In den allermeisten Fällen werden die Blindgänger von den Expertinnen und Experten des Bundesheers entschärft, abtransportiert und später unschädlich gemacht. In besonders schwierigen Fällen, so etwa bei fünf Prozent der Einsätze, müssen die Relikte an Ort und Stelle vernichtet werden. In Graz war das zuletzt 2011 notwendig: "Das war am Grazer Bahnhofsvorplatz, 250 Kilogramm, Standardbombe Englisch", erinnert sich Korner. Die Sprengung sorgte damals für umfangreiche Evakuierungen und eine mächtige Explosion, die im ganzen Stadtgebiet zu hören war.
Hier gibt es Bombenblindgänger
Der Bereich des Hauptbahnhofes ist besonders von Kriegsmaterial aus dem Zweiten Weltkrieg belastet, weiß Gilbert Sandner, Sicherheitsbeauftragter der Stadt Graz: "Blindgänger gibt es dort, wo Infrastruktur war, die man zerstören wollte." Zu sehen ist diese Verteilung am Bombenblindgängerkataster auf der Website der Stadt. 1999 hat das Referat Sicherheitsmanagement und Bevölkerungsschutz aus Kriegsarchiven die damals verfügbaren Luftbilder aus dem Zweiten Weltkrieg gekauft, auswerten und den Kataster erstellen lassen, in dem die möglichen Verdachtspunkte eingezeichnet sind.

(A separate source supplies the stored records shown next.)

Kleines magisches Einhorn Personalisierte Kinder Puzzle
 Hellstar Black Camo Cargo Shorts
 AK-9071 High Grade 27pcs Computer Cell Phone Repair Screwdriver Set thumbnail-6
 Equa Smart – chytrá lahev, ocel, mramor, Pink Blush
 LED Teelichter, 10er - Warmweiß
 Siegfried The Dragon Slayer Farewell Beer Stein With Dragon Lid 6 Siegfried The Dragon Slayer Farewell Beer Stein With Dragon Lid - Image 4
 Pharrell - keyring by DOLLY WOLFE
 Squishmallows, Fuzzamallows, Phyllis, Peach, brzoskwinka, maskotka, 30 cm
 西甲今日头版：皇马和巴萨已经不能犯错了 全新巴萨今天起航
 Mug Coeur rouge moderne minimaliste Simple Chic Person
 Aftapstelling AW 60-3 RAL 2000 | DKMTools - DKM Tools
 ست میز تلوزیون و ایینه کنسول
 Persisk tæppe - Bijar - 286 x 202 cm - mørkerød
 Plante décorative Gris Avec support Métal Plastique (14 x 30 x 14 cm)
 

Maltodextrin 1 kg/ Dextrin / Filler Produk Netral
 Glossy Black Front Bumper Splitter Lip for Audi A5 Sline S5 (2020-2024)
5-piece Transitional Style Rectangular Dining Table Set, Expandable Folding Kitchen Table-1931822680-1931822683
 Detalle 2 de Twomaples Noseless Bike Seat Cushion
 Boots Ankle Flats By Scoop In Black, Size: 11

2014 wurden der Bombenblindgängerkataster komplett erneuert, eine weitere Aktualisierung wird aktuell angestrebt. Die Online-Karte ermöglicht es der Bevölkerung, selbst nachzuschauen, ob man in einer Zone lebt, in der mit einer erhöhten Wahrscheinlichkeit zu rechnen ist, auf ein Kriegsrelikt zu stoßen. Eine ergänzende Auswertung kann jederzeit kostenlos angefragt werden. "Das macht dann Sinn wenn, es ein Bauvorhaben gibt und ist eine Empfehlung von unserer Seite, Verpflichtung gibt es aber keine", sagt der Sicherheitsbeauftragte.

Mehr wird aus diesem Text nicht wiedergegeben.